* What is needed: Retype the data below exactly; skip every image.
══ Data section
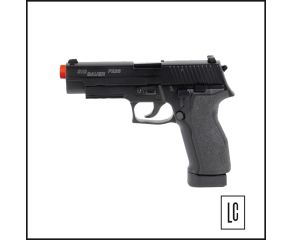 Pistola-de-Airsoft-Co²-Sig-Sauer-P226-6mm-Cybergun-Loja-da-Carabina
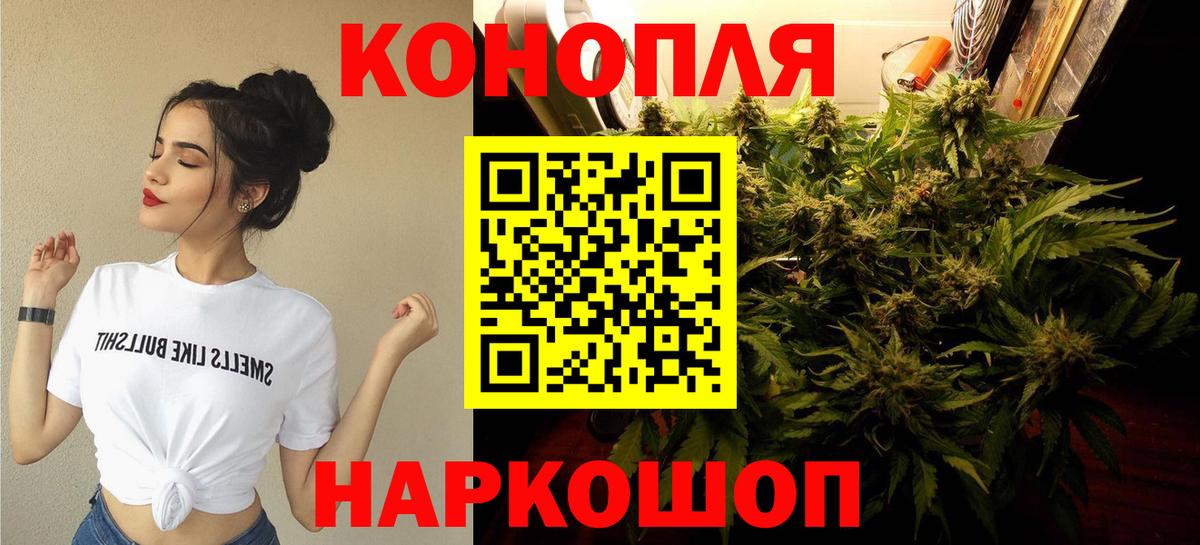 Канабис White Widow  Бошки марихуана планчик  Вход с VPN  Конопля OG Kush  Петропавловск-Камчатский 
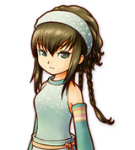 https://static.tvtropes.org/pmwiki/pub/images/200px-reinaportrait_6118-w200-h150_3474.png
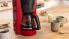 Kaffeeautomat TKA2M114 rt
════
* Result of the task:
 Pistola-de-Airsoft-Co²-Sig-Sauer-P226-6mm-Cybergun-Loja-da-Carabina
 Канабис White Widow  Бошки марихуана планчик  Вход с VPN  Конопля OG Kush  Петропавловск-Камчатский 
 https://static.tvtropes.org/pmwiki/pub/images/200px-reinaportrait_6118-w200-h150_3474.png
 Kaffeeautomat TKA2M114 rt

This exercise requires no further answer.